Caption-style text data
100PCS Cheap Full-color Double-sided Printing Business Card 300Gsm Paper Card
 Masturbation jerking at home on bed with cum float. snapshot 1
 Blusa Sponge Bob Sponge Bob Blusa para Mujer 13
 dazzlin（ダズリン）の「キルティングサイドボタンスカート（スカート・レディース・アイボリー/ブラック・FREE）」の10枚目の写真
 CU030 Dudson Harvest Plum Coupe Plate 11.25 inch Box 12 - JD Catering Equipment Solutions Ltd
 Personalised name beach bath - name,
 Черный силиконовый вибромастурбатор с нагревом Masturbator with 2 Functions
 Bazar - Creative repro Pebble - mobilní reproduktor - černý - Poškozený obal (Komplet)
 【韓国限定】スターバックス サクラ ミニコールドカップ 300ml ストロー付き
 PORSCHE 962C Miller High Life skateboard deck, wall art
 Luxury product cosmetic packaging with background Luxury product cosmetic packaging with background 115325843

Work order: Faithfully transcribe the whole of the data.

Written answer:
100PCS Cheap Full-color Double-sided Printing Business Card 300Gsm Paper Card
 Masturbation jerking at home on bed with cum float. snapshot 1
 Blusa Sponge Bob Sponge Bob Blusa para Mujer 13
 dazzlin（ダズリン）の「キルティングサイドボタンスカート（スカート・レディース・アイボリー/ブラック・FREE）」の10枚目の写真
 CU030 Dudson Harvest Plum Coupe Plate 11.25 inch Box 12 - JD Catering Equipment Solutions Ltd
 Personalised name beach bath - name,
 Черный силиконовый вибромастурбатор с нагревом Masturbator with 2 Functions
 Bazar - Creative repro Pebble - mobilní reproduktor - černý - Poškozený obal (Komplet)
 【韓国限定】スターバックス サクラ ミニコールドカップ 300ml ストロー付き
 PORSCHE 962C Miller High Life skateboard deck, wall art
 Luxury product cosmetic packaging with background Luxury product cosmetic packaging with background 115325843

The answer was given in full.